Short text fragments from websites
Start of Block

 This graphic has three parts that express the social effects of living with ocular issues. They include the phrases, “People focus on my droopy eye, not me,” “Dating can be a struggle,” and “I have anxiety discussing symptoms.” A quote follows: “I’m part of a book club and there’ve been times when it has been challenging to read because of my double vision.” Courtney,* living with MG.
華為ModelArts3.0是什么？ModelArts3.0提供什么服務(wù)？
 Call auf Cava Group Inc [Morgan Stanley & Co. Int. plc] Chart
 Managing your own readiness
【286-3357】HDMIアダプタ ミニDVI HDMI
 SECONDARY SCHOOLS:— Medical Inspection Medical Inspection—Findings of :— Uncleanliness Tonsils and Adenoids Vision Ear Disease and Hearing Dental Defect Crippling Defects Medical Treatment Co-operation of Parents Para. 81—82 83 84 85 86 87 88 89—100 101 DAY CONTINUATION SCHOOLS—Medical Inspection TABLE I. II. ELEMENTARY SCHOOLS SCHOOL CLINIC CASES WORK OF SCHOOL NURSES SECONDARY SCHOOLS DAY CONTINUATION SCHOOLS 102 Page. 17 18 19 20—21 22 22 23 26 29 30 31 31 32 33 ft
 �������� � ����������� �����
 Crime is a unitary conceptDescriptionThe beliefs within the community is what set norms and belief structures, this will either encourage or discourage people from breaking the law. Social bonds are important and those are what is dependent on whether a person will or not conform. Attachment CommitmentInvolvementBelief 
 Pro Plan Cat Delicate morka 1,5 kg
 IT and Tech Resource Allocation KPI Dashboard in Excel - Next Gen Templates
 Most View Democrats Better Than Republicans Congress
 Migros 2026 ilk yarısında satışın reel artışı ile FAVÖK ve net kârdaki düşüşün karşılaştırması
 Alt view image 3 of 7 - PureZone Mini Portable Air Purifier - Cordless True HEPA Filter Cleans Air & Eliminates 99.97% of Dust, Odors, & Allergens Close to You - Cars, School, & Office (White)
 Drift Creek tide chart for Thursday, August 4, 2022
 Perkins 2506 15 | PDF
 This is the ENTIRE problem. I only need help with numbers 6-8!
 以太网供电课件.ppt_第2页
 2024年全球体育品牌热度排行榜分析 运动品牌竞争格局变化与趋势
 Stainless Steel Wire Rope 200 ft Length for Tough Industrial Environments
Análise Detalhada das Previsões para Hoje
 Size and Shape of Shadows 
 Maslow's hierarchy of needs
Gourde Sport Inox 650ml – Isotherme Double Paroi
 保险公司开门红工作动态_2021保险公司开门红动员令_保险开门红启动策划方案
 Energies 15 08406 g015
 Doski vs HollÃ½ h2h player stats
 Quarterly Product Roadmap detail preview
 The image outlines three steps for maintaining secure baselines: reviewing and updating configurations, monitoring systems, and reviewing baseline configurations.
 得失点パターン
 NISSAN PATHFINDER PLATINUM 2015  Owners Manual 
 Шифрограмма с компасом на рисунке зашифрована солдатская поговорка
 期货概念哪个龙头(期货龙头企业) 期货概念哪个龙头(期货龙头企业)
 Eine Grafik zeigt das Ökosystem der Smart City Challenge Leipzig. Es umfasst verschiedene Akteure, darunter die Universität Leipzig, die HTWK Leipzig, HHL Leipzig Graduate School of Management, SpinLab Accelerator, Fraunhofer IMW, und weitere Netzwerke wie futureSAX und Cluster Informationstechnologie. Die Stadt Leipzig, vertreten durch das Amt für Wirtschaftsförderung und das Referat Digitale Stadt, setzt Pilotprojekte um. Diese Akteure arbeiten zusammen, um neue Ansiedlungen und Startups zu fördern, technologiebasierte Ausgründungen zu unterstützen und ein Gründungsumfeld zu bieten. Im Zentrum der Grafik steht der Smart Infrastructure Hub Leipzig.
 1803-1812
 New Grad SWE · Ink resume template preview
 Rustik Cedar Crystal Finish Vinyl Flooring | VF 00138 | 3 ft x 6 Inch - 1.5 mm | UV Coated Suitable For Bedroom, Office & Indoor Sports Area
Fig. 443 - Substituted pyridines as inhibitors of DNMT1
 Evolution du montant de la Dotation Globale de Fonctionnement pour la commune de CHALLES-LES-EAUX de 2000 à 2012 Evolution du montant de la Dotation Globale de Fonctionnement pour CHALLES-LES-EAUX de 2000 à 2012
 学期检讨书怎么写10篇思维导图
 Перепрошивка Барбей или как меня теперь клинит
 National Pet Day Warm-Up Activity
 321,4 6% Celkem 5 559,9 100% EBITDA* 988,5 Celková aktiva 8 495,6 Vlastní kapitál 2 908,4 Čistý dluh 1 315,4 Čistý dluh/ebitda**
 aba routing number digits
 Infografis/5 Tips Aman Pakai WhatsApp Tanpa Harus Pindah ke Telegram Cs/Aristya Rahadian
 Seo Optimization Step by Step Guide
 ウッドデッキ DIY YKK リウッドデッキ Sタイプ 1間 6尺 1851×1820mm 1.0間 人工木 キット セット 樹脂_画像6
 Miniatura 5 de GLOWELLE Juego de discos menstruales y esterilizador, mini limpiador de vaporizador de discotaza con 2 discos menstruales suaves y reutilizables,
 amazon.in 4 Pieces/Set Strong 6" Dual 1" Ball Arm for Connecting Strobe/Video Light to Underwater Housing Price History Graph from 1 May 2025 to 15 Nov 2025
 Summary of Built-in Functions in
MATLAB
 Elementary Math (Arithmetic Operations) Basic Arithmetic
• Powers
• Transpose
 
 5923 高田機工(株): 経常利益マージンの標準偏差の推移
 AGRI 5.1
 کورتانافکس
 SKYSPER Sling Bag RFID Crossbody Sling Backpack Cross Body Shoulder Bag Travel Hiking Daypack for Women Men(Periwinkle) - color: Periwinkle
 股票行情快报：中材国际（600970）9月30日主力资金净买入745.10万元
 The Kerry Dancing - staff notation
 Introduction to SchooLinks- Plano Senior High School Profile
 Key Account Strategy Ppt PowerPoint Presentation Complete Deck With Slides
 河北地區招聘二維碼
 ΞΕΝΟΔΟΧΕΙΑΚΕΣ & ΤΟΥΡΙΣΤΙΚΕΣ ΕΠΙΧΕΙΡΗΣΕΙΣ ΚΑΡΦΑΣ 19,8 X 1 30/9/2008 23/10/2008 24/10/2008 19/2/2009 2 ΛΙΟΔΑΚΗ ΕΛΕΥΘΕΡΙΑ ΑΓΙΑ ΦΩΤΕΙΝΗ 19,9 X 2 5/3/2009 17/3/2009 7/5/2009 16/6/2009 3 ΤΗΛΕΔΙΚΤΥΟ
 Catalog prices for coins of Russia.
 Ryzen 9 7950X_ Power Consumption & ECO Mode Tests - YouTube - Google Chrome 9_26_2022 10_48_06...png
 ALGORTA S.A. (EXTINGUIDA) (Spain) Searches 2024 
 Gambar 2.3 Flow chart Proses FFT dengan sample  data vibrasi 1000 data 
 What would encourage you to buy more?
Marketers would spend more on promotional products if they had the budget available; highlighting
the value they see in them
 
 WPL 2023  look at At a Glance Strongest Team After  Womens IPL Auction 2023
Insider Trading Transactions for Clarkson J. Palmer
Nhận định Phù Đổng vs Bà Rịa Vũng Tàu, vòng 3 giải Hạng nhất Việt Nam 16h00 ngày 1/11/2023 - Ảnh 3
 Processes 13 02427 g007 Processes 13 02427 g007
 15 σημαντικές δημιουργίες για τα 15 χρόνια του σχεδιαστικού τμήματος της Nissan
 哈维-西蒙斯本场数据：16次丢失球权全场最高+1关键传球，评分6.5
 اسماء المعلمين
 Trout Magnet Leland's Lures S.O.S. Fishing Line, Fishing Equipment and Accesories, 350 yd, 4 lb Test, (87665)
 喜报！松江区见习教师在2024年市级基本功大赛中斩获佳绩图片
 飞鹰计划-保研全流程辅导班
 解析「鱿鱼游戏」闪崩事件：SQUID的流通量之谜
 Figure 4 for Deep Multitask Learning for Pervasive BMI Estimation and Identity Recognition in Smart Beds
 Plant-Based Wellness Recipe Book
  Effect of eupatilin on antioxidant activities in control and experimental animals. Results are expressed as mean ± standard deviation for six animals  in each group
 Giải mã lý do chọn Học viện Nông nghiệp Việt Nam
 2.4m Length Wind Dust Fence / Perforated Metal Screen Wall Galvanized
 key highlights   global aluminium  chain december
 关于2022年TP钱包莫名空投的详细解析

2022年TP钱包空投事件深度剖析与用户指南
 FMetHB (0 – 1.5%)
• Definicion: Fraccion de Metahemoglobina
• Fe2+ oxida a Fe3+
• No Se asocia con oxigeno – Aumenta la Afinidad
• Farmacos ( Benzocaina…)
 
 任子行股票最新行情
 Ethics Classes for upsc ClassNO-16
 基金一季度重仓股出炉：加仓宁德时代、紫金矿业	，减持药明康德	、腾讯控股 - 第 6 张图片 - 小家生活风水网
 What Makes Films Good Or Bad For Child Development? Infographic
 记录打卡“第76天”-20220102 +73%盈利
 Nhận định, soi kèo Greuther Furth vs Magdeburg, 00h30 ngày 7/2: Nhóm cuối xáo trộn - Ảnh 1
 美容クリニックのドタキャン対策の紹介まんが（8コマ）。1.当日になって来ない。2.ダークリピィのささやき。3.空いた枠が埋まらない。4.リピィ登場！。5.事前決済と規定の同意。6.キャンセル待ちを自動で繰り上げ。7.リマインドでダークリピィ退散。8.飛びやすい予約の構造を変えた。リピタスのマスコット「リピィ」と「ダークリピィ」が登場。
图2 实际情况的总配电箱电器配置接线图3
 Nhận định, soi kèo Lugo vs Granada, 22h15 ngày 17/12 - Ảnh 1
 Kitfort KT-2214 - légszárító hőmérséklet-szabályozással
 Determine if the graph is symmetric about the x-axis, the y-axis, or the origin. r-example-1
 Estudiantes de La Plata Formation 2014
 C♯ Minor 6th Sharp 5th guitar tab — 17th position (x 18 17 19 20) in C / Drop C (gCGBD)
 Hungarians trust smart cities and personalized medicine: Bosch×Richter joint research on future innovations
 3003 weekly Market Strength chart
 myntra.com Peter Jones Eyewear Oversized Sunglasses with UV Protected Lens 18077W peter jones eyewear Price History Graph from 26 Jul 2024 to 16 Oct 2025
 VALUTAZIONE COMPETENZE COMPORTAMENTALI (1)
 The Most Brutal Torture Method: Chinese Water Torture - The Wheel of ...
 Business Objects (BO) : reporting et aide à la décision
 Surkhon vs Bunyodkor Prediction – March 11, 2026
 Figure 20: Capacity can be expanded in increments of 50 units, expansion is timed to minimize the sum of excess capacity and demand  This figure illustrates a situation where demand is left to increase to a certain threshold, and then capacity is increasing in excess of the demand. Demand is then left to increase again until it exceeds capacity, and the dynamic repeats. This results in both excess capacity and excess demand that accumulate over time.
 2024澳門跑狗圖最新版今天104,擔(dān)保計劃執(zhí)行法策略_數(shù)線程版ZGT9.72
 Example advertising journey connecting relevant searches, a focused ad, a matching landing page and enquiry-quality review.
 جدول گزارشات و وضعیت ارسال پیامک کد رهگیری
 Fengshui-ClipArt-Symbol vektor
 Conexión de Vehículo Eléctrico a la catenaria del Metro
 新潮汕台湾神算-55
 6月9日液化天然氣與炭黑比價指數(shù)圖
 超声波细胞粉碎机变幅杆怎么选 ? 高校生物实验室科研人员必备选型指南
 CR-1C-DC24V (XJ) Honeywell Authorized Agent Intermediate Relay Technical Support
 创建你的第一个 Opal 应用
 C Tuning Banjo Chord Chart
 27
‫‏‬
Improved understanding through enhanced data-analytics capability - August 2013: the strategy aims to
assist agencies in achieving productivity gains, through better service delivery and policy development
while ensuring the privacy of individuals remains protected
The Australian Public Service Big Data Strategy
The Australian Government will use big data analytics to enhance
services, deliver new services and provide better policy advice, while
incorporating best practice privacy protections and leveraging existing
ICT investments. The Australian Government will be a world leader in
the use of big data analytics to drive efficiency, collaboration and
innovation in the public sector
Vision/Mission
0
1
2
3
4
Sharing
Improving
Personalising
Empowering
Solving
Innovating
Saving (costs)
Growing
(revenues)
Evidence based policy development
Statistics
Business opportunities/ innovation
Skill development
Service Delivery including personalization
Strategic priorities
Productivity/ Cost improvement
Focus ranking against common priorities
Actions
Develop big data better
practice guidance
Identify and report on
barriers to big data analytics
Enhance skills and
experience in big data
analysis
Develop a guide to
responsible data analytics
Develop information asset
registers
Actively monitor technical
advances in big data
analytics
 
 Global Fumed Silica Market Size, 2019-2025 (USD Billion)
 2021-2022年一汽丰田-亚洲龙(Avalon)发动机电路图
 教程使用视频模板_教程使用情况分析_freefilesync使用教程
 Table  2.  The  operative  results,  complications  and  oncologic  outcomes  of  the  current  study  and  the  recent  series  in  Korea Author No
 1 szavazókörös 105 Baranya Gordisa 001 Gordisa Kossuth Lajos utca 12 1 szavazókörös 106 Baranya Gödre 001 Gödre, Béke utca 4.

End of Block

WORK TASK: Search the entries above for the string "more", and report each line where it occurs.

RESPONSE BELOW:
 What would encourage you to buy more?
Marketers would spend more on promotional products if they had the budget available; highlighting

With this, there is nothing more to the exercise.